Q. I took flash pictures of some kittens the other night. I carefully set the camera for the distance as indicated on the back of the flash. When the prints came back, only half of them were exposed. The rest were dark. What did I do?

A. I'm afraid it's not what you did, but what you didn't do. This is not an uncommon thing to have happen with the new electronic flashes.

After each shot you have to be very careful that your flash has recycled completely before shooting again. Usually, this means that the ready light is blinking. Too many times we shoot too soon. Just because the ready light is lit, don't think you are ready. Let it blink.

If you can, put your ear next to the flash unit and don't shoot until the recharging squeal stops.

This problem is most common with flas units that use two to four AA batteries that tend to wear out quickly. The recharge time gets longer and longer, so don't be fooled.


Q. I recently bought a telephoto zoom lens, and after the first rolls of film, I'm not happy with the pictures. The lower numbered part of the lens is okay, but when I zoom out to the higher number (it's an 80 to 200mm), the pictures really looked squashed up. When I took shots of people, the buildings, trees and other people seemed to be right up against them. The images got bigger, but the backgrounds moved closer, too.

A. Don't fret, you'll learn to like and shoot properly with your zoom. That squished-up effect you're getting is called compression. The longer (higher millimeter) your lens, the more compression you get in your pictures. The longer focal lengths appear to reduce the space between foreground and background -- the background seems to move forwa. It's a case of the lens telling a lie.

A good example of this was a TV replay of a disputed catch in the end zone during the recent Washington Redskins-Houston Oilers football game. It was close, but the official on the spot ruled that the Oiler receiver did not have both feet in bounds when he made the catch. The network replayed the catch over and over and seemed to be trying to prove that the catch was good for a touchdown. They almost insisted that the player's feet were in bounds and the official was wrong.

Well, it ain't necessarily so. The focal length of the lens, combined with the angle from which it photographed the play, did not show if there was any distance between the receiver's foot and the ground.

There was a great deal of compression involved.

The official's call could have been right or wrong, but from his position on the ground he probably had a better view of the play than the cameraman with the long telephoto lens.

As for your own compressed pictures, try zooming a little less than you think you want to. Frame your picture in your viewfinder, then zoom back a little and try that.

Also, try to shoot with as wide an f stop as possible, to make the background fuzzy and perhaps improve the picture.


Q. The trouble I have most often is underestimating ambient light when shooting with a darker subject in the foreground. Please explain how to override the automatic setting on my Konica so that I can get the foreground subject without the bright background light blotting it out.

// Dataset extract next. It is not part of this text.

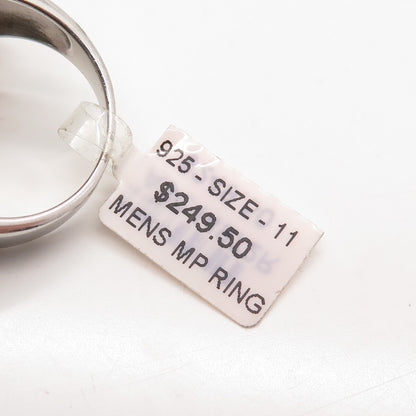 925 Sterling Silver White & Blue C Z Wide Men's Ring Size 11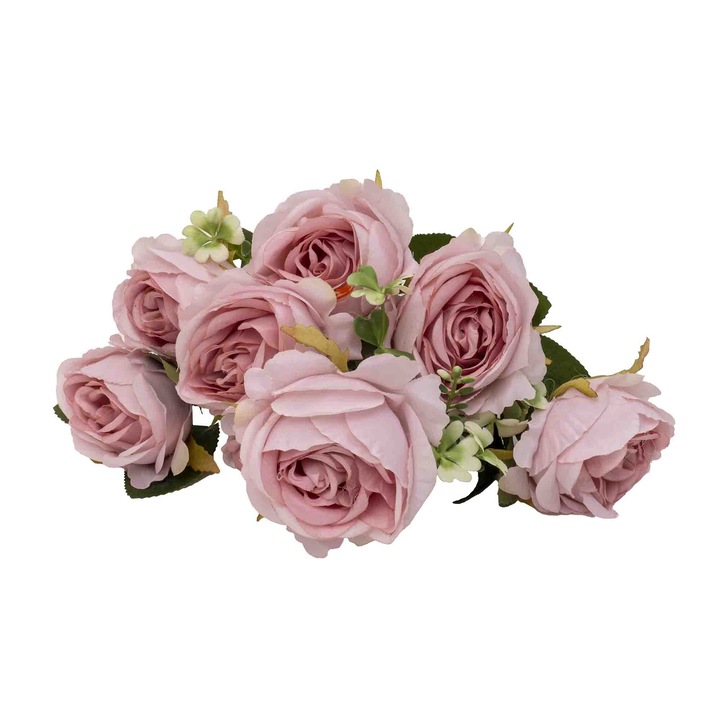 9 db műpünkösdi rózsa csokor, rózsaszín, H 40 cm, BSP / SL622_3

A. This is a case of back-lighting problems. I don't know what model Konica you have, but I do know that some of them don't have back-light compensation switches.

If your camera is non-automatic or programmable, simply open the lens one stop to allow more exposure on the foreground, but generally not so much as to ruin the background.

If yours is an automatic camera, drop the ASA setting by one gradient for this shot. This serves the same function as opening the lens on a manual camera.

Just be sure to go back to the correct ASA when you go back to normal shooting.